Does the economic impact from increased production offset the cost of many film incentives?  Often, it seems it does not (but it is still hotly debated).  We agree on that point.  However, do film incentives spur production that otherwise would not be there?  Yes, they do.  Look at any of the states with new incentives and there is a direct correlation to massive increases in film and tv production.  On this, the efficacy of film incentives very high.    Thus, while the cost is high, the incentives do get results in terms of new activity and job creation.  I would respect a lawmaker who acknowledged the cost but was still okay with the incentive because of job creation from new production.  California can either try and compete with an incentive of it’s own (and therefore on a level playing field), or it can decry incentives as handouts and watch it’s crumbling film inustry slip away even more.

I don’t dare argue California is left with an ideal option with film incentives, but they are, in fact, the only option–if the state wants to preserve it’s industy.  Now maybe you feel like California should NOT be taking steps to combat runaway production, which is fine.  I feel it should try and prevent runaways and the incentives are the only means to do so.  If California can maintain it’s current incentive or increase it, it will need to wait out the 44 other states who many beleive will start scaling back or eliminating their costly incenives in the next 12 to 18 months.  Until that happens, however, if you want California’s film industy to compete on a level playing field, then it’s the presence of incentives, not the lack thereof, that will enable this.

Do you really think the 40+ productions that shot in Michigan went there for artistic reasons?  Of course not, they went for the incentive.  Had California been on a level playing field with Michigan, then virtually all of those productions would never have left the state.

I am sorry you reacted so strongly to my peice.  I did say you make many valid points and raise concerns I share.  But, as I said, it’s a choice between imperfect policy or nothing.
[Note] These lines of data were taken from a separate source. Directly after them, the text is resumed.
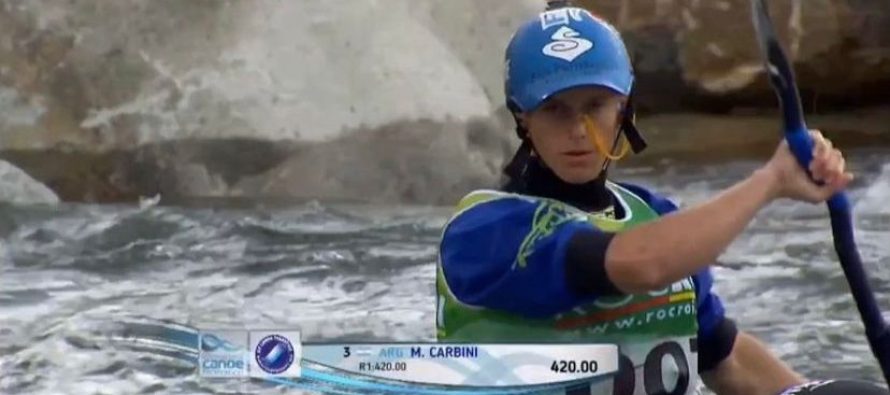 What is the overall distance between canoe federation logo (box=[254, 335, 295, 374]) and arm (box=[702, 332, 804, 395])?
86 cm

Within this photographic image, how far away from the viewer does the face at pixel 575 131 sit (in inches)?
99.0

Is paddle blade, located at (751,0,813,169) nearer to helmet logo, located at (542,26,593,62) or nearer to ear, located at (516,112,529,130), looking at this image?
helmet logo, located at (542,26,593,62)

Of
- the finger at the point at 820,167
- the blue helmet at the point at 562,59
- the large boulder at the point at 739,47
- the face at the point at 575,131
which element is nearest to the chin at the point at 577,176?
the face at the point at 575,131

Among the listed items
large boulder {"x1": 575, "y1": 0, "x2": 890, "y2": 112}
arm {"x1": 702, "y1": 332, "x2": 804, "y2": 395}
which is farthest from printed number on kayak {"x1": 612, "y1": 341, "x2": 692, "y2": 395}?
large boulder {"x1": 575, "y1": 0, "x2": 890, "y2": 112}

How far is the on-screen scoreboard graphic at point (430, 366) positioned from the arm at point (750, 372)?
0.40 m

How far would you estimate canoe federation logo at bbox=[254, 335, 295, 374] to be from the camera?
2291 millimetres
The risk of doing nothing while a leading industry is dismantled is much greater than the modest cost of the incentive (and it is very, very modest relative to other states) which can slow the bleeding until the madness of film incentives ends in the states.  If you have a better policy option to protect the industry that can compete with massive incentives, I’d love to hear it.  I, for one, have called for a single federal tax incentive that would usurp the competing state incentives.  One nation, one incentive…because at the end of the day, we need to compete in a global economy, where the playing field is also not level.

I tried to be balanced, and I apologize if you feel I failed in that attempt.  Hopefully this email clarified my position a little more and you can see the logic of what I am saying, even if you disagree with it.